# 'Allies' fighting for Axis



## plan_D (Jan 24, 2005)

Since this was requested by our friend, Erich, here it is. 

All the information about Allied troops that fought for the Axis. This will mostly get on to W-SS Divisions. Such as the Muslim, Indian, British SS Divisions. Also, a little mention of the Indian and Burmese fighting for the Japanese for liberation from the British Empire.


----------



## evangilder (Jan 25, 2005)

Not so much a Waffen SS story, but one of the interesting aspects of WWII:

Some of the first soldiers captured by the allies on D-Day were Koreans! 

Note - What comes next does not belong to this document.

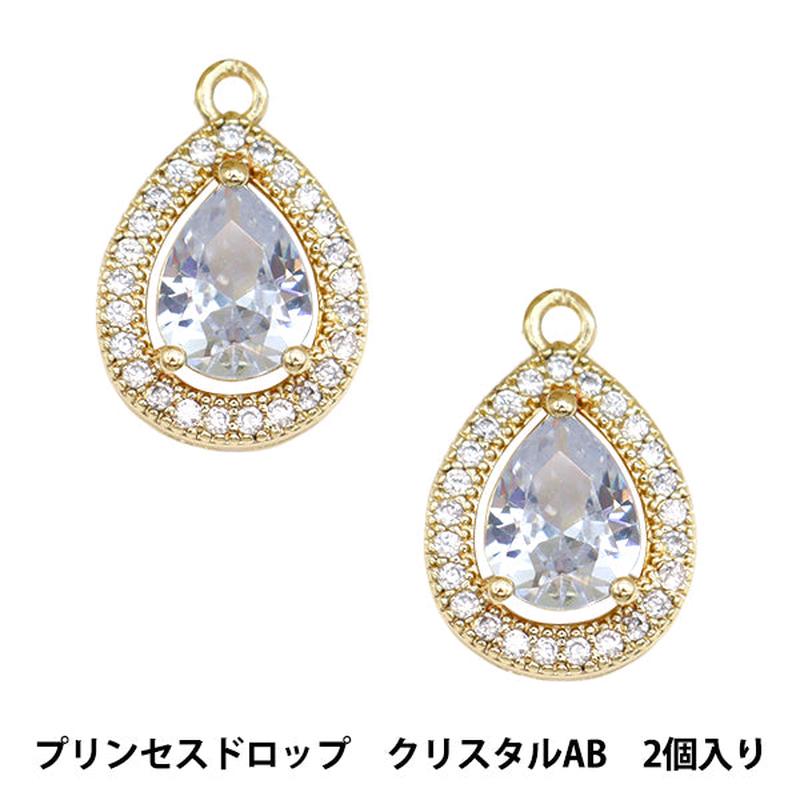 product-details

_Four such heroes taken prisoner in Normandy proved to be Koreans. It seems that the Japanese, who had conquered Korea, drafted them into their army in 1938 and sent them to Manchuria, where they were taken prisoner by the Russians in the border clashes between Russia and Japan. The Russians drafted them, but didn’t trust them that near Korea, so they sent them to defend their western frontier. When the Germans invaded Russia they captured the Koreans, and not trusting them on the Russian Front, they sent them to defend Normandy, where the Koreans were captured by the Americans._ 

The Americans sent them to a POW camp in the states. The Koreans took it all in stride! I guess by then, they could be considered mercenaries!


----------



## plan_D (Jan 25, 2005)

Certainly, that's a very interesting story. Thank you, evan. 8)


----------



## evangilder (Jan 25, 2005)

No problem. I just thought it was pretty fascinating. Those poor guys had been conscripted into 3 armies. I wonder if they are eligible for veteran benefits from all of them?


----------



## plan_D (Jan 25, 2005)

If they're still alive maybe we should go find them and ask them. 

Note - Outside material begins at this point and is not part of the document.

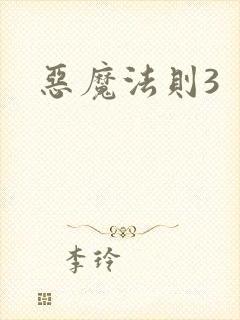 恶魔法则3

There were a lot of Indian and Burmese fighting for the Japanese in 1941 and 1942, so much so there were new armies created for them. By early 1942, a lot had just become propaganda and by the time the British started moving back into Burma they had almost ceased to exist. 
Those that still did exist moved on to the British/Indian side again, or just disappeared back into the jungle villages. 

During the march out of Burma, during Britains longest retreat in history, a lot of lives were lost to Burmese murdering the British soldiers while they slept. 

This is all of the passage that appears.